What is the proper boundary between public and private data? How far should archivists go when collecting what might be private data? These questions introduced this session. The first presentation was a discussion of archival applications of digital forensics tools and techniques by Kam Woods, a Postdoctoral Research Associate at the School of Information and Library Science, University of North Carolina at Chapel Hill. His research focuses on developing techniques and tools to assist in long-term archiving and educational support for digital forensics datasets.
Here are the differences between digital forensics and archiving.
The main thing with archiving is to know what you have been given. Archivists are increasingly finding themselves dealing with streams of heterogeneous data. It is important to reduce risk in the acquisition process and maintain the integrity of the data. Private and sensitive data must be appropriately protected, and the authenticity and chain of custody (patterns of use and activity) of the data become important.

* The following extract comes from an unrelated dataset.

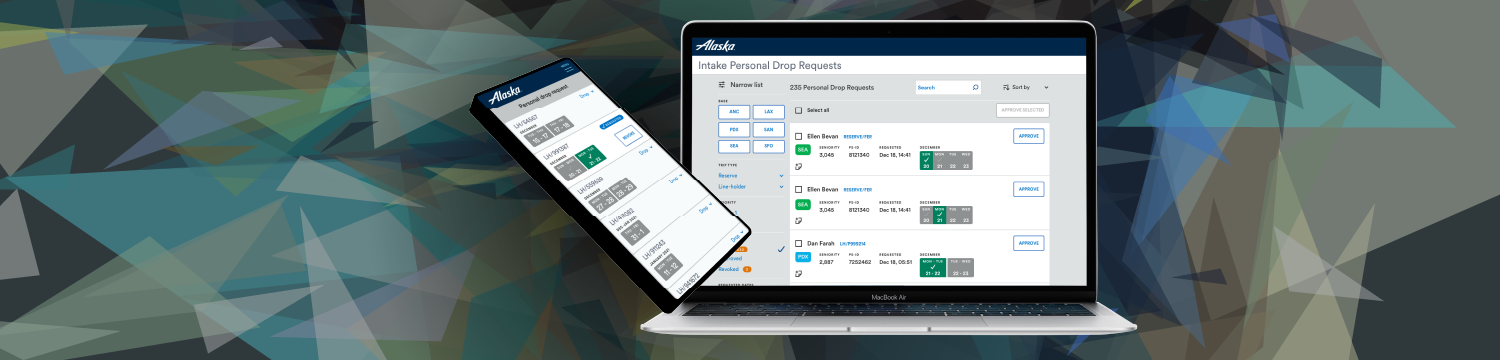 Alaska Airlines Personal Drop Request feature shown across mobile and desktop scheduling interfaces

Advanced forensic formats include raw streams of data, cryptographic hashing, and metadata. Woods is working on a bulk extractor which will process data and produce Dublin Core metadata and digital forensic XML (DFXML). The open source code and APIs of this and other related programs are available here.
The Personal in the Organizational
What happens to personal data that is embedded in company records when the company fails? Sam Meister, Digital Archivist and Consultant to the Sherwood Project at the University of Maryland has looked at this question.
The Sherwood Archive Project, run in cooperation with Sherwood Partners in Mountain View, CA offers a private alternative to public bankruptcy. It attempts to save the records of business by investigating the potential to preserve the “abandoned” records of failed companies. When a company goes into bankrupcy, it assigns its data to Sherwood, which takes over ownership and trys to sell the intellectual property. Personal information on employees, suppliers, and users is often found in the records of the company, which raises issues on the disposition of the data. Records of startups tend to be particularly messy and difficult to deal with.
There is often not much regulation of this data, so disposition becomes an ethical issue. Codes of Ethics are available from the Society of American Archivists and the International Council on Archives. It is necessary to establish a relationship of trust between the original donor (which is not Sherwood) and the archive, and it is difficult to know what is in the records. If companies did not collect employee records, that would eliminate many concerns, but that would damage links between those records and others in the collection because personal identifiers are often major way records are linked together.
Technological solutions to these problems are available, but we must be sure that all the personal information is removed. One possibility is an initial period of restricted access until the data has been examined. In all these issues, there is a private to public transition, with a need to establish trust between private collections and repositories.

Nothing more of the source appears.